HDAC11 is expressed in multiple organs and distributed in diverse organelles. It is primarily expressed in heart, kidney, smooth muscle (3), skeletal muscle (1416), brain (3, 15, 1720), testis (14, 21) and gall bladder (22). At cellular level, HDAC11 is abundant in the mitochondria of skeletal muscle cells, brain synapses (15), and the centrosomes of neurons from the dentate gyrus (19). But it locates predominantly in the cytoplasm of embryonic astrocyte precursors and mature cells (23), and the nucleus of activated astrocytes and oligodendrocytes (24). HDAC11 can be found both in the cytoplasm and the nucleus of newly isolated and unstimulated Treg cells (24), immature astrocytes and oligodendrocytes (23), retinal ganglion cells (25) and preadipocytes (26). In addition, HDAC11 is highly expressed in the rat brain, and pancreatic β cells (27).

Emerging evidence has indicated that HDAC11 is critically involved in physiological and pathological processes. HDAC11 has a variety of physiological functions, including immunomodulation (24, 2836), genomic stability (21, 3739), cell cycle progression (21, 40, 41), and nervous system development (42). Pathologically, HDAC11 plays a role in epithelial barrier dysfunction (4345) and ischemic injury (4648) and requried for the growth of several tumors (4956), such as hepatic carcinoma (5761), and lung cancer (62, 63). Moreover, it contributes to the development of some other diseases (56, 64), including hepatitis B (6567) and age-related macular degeneration (68).

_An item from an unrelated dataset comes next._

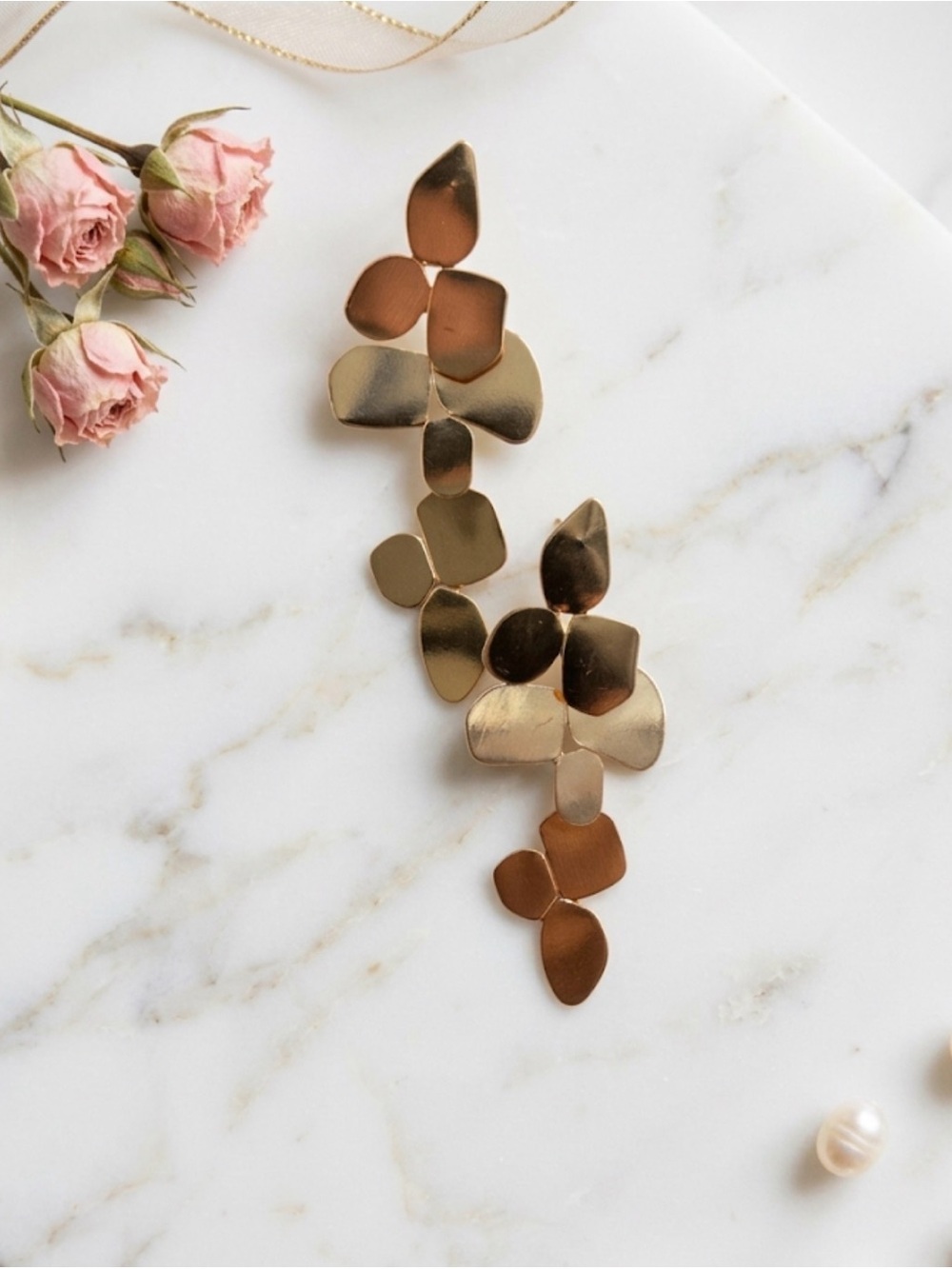 Gold Petal Statement Drop Earrings — Botanical Chandelier Style - Picture 3 of 5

In the past two decades, HDACs have been revealed to be implicated in the regulation of multiple metabolic processes and pathogenesis of some metabolic disorders. For example, most class I HDAC members are associated with insulin resistance, energy metabolism and glucose homeostasis, and contribute to the pathogenesis of diabetes and its associated complications (69, 70), and obesity (71). Class II HDACs are required for regulating the transcription of genes associated with glucose homeostasis and hepatic gluconeogenesis (72). Moreover, HDACs are involved in the regulation of several events related to the pathogenesis of diabetes (i.e. oxidative stress, inflammation and fibrosis) and its associated complications (70, 73). Very recently, HDAC11 has been linked to the pathogenesis of obesity (74), diabetes, and diabetic complications (64, 75). Given that global deletion of HDAC11 in mice does not affect their development and health (24), pharmacological inhibition of HDAC11 could be a potential therapeutic approach for the treatment of metabolic disorders. In this review article, we summarize the role and possible mechanisms of HDAC11 in metabolic disorders, including obesity, metabolic inflammation, and diabetes and its complications, and provide detailed information about HDAC11 inhibitors developed so far.

HDAC11 in obesity

Obesity is an excessive fat gain due to unbalanced energy intake and consumption (76), and its prevalence rises yearly in children and adults (77). HDAC11 is related to obesity in multiple ways.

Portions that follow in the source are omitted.